Democrats say there’s no truth to a Bloomberg report that the party is struggling to raise funds for its Charlotte, N.C., convention.

In a story on planners’ decision not to hold a kick-off event at the Charlotte Motor Speedway, Hans Nichols wrote:

The move comes as party planners are grappling with a fundraising deficit of roughly $27 million, according to two people familiar with the matter who requested anonymity to discuss internal party politics. With a party ban on direct contributions from corporations, the host committee has raised less than $10 million, well short of its $36.6 million goal, said one of the people.

Democrats denied that there was any fundraising problem, or that money had anything to do with the decision to move the free kick-off event from the Speedway to Uptown.

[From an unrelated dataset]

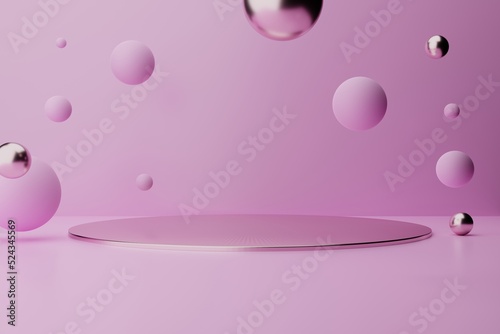 Elegant pink background with pedestal and balls. 3d illustration.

“Our fundraising is on the right track,” said host committee spokeswoman Suzi Emmerling. “The Bloomberg report is inaccurate. We were never going to cancel this event, that was never an option.” The event was moved, she said, to be closer to the actual convention.

In April, Bloomberg reported that Democrats were halfway to their fundraising goals. Tuesday’s story says they are only a third of the way there.

While Bloomberg blames the party’s ban on corporate cash for the shortfall, the kick-off event is not part of the actual convention and thus not subject to the same restrictions. Organizers formed New American City, a 501(c)(6) nonprofit that does take corporate donations, for these non-official events.

Democrats are getting around their self-imposed ban on corporate cash and individual donations over $100,000 in various ways.

Seventy-two percent of the $61 million raised for the 2008 convention came from donations of $250,000 or more, and the party has been scrambling to cover costs under the new restrictions. Lobbyists have been encouraged to bundle donations, corporations can give in-kind contributions and charitable foundations can give unlimited gifts.